_Task statement_
With the pictures left out, restate every entry word for word.

_Dataset entries_

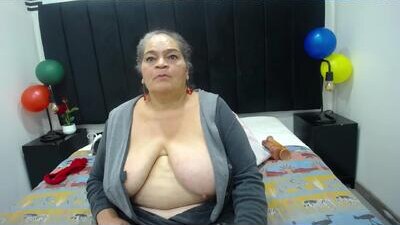 queenmature public webcam profile photo 5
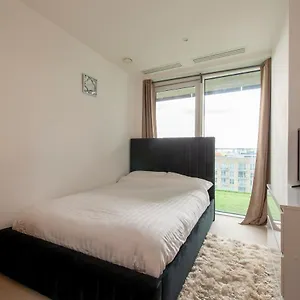 Canary Luxe , London United Kingdom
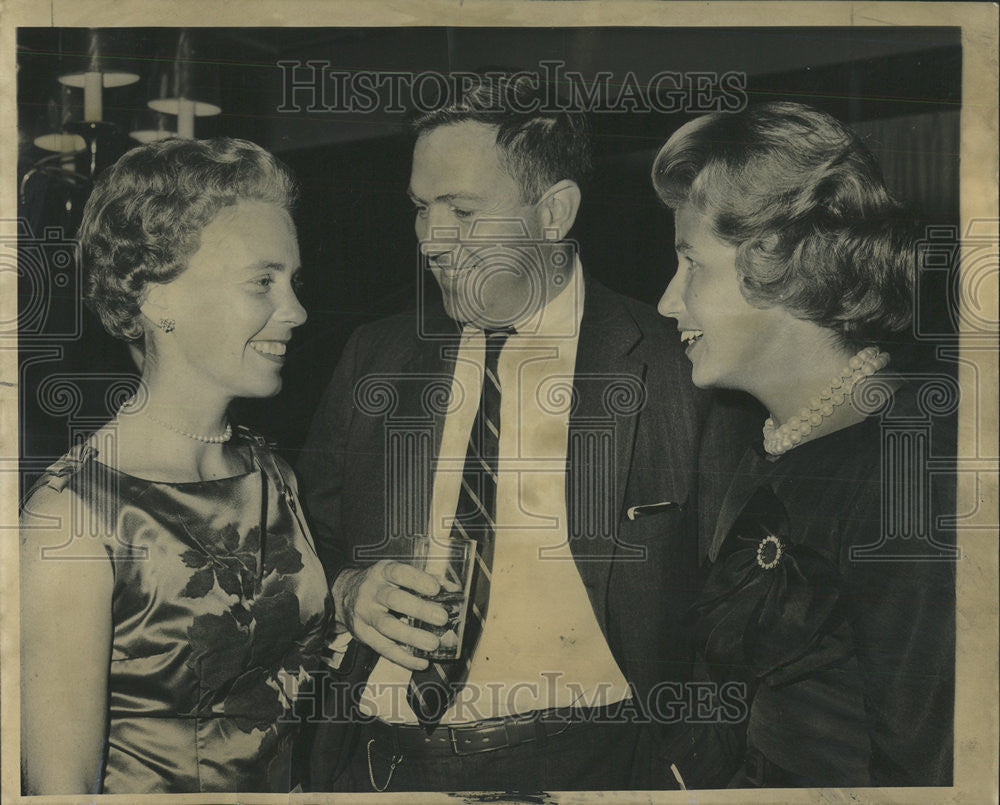 1963 Press Photo Allendale School William Searle John Garfield Camelot audience - Historic Images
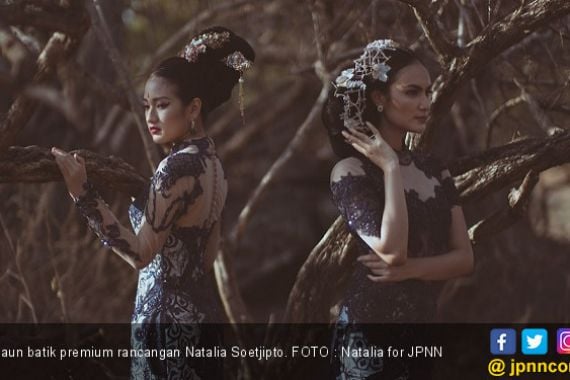 Inspirasi Dewi Khayangan Dalam Balutan Batik - JPNN.COM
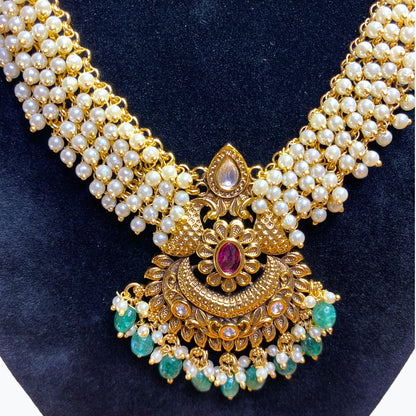 Temple necklace and earrings set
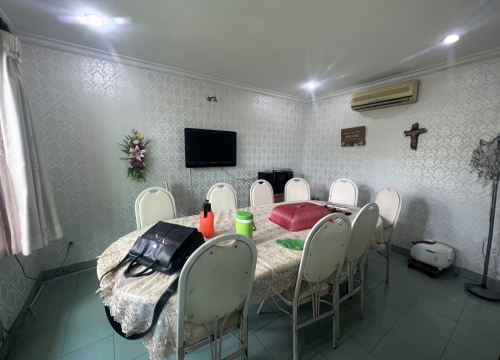 Trang trí lại phòng ăn cho khách : 463A hồng bàng, quận 5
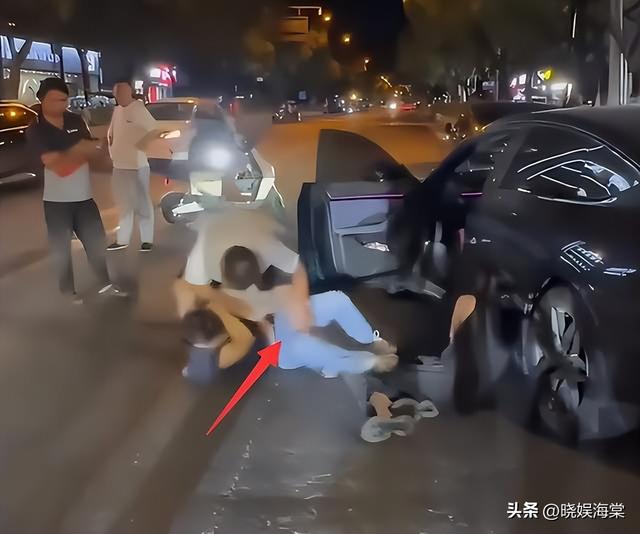 男子暴打情夫后续：妻子下跪求饶，知情人爆猛料，恶心的还在后面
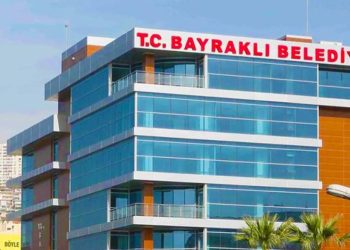 Bayraklı Belediyesi’ne rüşvet soruşturmasında 15 kişi tutuklandı
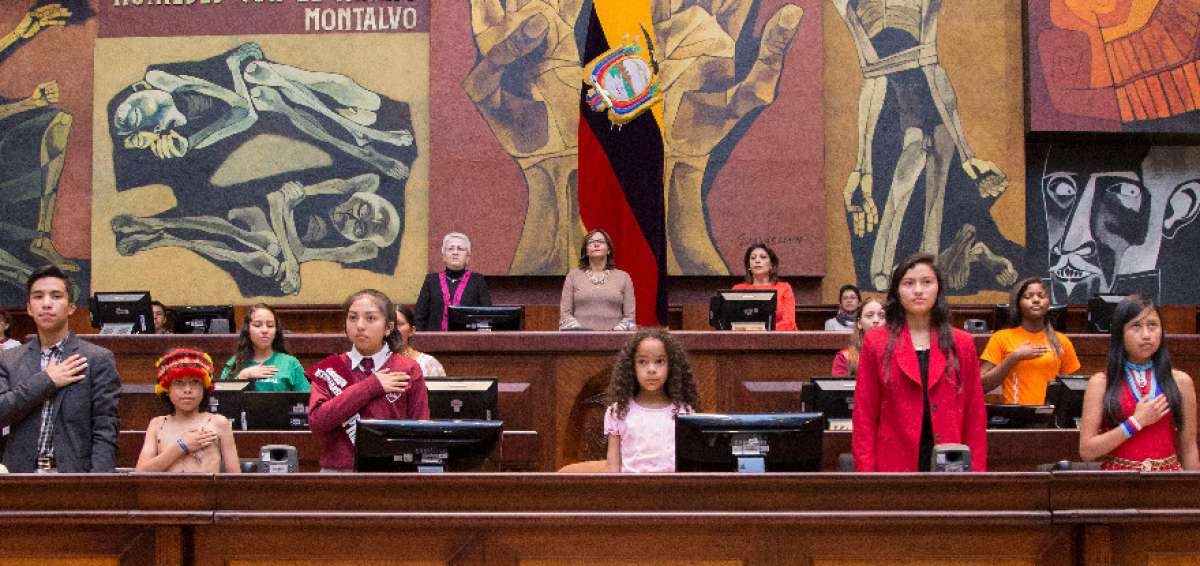 Ni&ntilde;os y j&oacute;venes exigieron m&aacute;s atenci&oacute;n en el pleno de la Asamblea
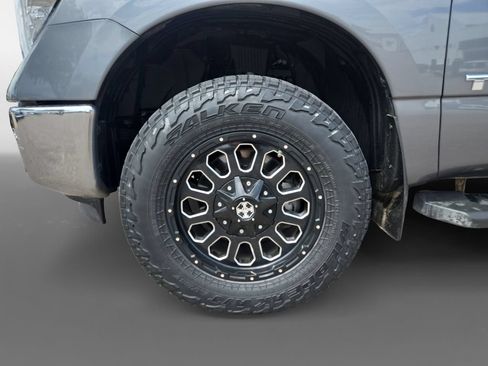 Used 2019 Nissan Titan SV AWD/4WD image 15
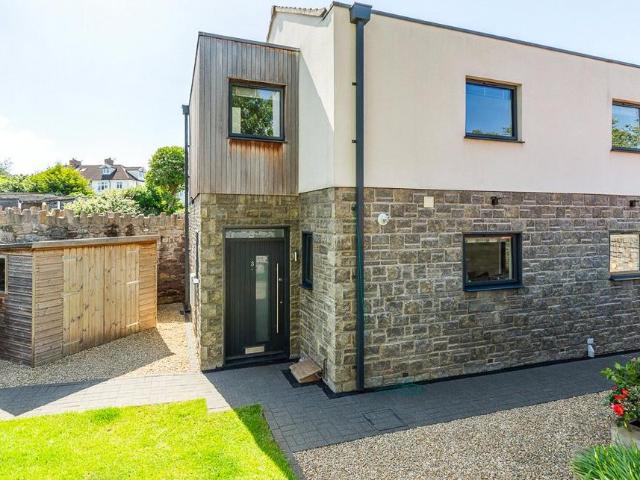House for sale in Feckenham, City Of Bristol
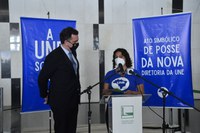 Pacheco participa de posse da nova diretoria da UNE e defende democracia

_Response_
 queenmature public webcam profile photo 5
 Canary Luxe , London United Kingdom
 1963 Press Photo Allendale School William Searle John Garfield Camelot audience - Historic Images
 Inspirasi Dewi Khayangan Dalam Balutan Batik - JPNN.COM
 Temple necklace and earrings set
 Trang trí lại phòng ăn cho khách : 463A hồng bàng, quận 5
 男子暴打情夫后续：妻子下跪求饶，知情人爆猛料，恶心的还在后面
 Bayraklı Belediyesi’ne rüşvet soruşturmasında 15 kişi tutuklandı
 Ni&ntilde;os y j&oacute;venes exigieron m&aacute;s atenci&oacute;n en el pleno de la Asamblea
 Used 2019 Nissan Titan SV AWD/4WD image 15
House for sale in Feckenham, City Of Bristol
 Pacheco participa de posse da nova diretoria da UNE e defende democracia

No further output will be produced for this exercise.